(Dataset records)
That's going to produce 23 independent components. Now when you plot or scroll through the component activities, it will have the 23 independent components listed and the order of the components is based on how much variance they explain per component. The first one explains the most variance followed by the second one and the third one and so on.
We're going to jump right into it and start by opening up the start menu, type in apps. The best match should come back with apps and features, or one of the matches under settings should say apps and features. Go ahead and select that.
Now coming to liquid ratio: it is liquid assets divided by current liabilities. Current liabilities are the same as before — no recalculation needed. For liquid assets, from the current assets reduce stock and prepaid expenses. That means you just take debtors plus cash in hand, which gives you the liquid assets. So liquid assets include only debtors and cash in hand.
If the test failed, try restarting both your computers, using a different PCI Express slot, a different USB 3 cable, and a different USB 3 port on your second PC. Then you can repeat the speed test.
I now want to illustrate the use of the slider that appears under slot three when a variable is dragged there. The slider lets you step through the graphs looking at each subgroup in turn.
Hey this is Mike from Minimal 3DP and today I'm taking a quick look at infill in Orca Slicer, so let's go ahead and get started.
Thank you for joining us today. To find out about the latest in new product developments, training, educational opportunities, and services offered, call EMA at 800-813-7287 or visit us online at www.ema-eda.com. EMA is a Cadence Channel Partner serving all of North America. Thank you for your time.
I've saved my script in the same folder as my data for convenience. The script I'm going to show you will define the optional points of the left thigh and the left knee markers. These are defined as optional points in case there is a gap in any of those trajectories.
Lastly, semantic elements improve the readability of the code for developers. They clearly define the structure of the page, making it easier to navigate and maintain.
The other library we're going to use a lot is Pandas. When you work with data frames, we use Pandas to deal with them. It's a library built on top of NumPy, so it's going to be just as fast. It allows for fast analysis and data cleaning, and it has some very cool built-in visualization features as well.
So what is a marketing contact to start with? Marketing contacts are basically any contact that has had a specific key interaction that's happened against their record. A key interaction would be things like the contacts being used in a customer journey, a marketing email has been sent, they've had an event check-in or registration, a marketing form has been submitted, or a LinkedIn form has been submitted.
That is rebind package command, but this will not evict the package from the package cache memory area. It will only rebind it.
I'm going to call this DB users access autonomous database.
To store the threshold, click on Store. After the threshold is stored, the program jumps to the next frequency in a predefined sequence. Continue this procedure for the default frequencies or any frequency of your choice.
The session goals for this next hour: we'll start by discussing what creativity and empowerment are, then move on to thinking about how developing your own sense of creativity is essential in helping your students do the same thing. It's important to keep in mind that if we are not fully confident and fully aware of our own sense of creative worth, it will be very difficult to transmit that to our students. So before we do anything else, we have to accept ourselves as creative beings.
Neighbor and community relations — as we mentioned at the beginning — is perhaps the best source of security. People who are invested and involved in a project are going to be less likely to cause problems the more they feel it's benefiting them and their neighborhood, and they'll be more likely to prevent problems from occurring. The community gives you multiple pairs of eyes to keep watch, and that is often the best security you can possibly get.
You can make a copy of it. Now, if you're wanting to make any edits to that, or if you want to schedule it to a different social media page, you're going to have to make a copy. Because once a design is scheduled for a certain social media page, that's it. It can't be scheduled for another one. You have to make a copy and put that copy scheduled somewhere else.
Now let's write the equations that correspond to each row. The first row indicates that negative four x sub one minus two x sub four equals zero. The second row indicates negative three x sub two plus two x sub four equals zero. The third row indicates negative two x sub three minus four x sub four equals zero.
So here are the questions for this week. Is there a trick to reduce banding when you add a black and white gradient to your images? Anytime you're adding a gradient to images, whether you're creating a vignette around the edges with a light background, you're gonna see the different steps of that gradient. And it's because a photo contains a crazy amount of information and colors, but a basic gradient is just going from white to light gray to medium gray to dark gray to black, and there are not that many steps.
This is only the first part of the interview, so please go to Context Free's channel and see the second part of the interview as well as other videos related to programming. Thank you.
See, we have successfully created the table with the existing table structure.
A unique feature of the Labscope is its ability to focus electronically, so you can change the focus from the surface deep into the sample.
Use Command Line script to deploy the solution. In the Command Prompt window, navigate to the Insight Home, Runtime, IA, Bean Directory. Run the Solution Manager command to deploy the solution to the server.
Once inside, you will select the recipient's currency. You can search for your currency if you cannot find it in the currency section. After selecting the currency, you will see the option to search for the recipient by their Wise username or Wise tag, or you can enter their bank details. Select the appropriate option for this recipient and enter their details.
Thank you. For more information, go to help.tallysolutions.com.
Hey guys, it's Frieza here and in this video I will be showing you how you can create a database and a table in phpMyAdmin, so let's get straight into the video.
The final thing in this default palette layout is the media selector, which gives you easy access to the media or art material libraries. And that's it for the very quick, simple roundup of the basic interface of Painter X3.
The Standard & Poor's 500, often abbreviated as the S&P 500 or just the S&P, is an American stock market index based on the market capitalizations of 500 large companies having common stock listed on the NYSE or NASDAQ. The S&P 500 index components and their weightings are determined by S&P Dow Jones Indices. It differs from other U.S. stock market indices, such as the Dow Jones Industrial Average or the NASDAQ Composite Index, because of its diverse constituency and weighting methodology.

Task instructions:
For the string "second", go through the entries above and copy each line where it occurs.

Task output:
That's going to produce 23 independent components. Now when you plot or scroll through the component activities, it will have the 23 independent components listed and the order of the components is based on how much variance they explain per component. The first one explains the most variance followed by the second one and the third one and so on.
If the test failed, try restarting both your computers, using a different PCI Express slot, a different USB 3 cable, and a different USB 3 port on your second PC. Then you can repeat the speed test.
Now let's write the equations that correspond to each row. The first row indicates that negative four x sub one minus two x sub four equals zero. The second row indicates negative three x sub two plus two x sub four equals zero. The third row indicates negative two x sub three minus four x sub four equals zero.
This is only the first part of the interview, so please go to Context Free's channel and see the second part of the interview as well as other videos related to programming. Thank you.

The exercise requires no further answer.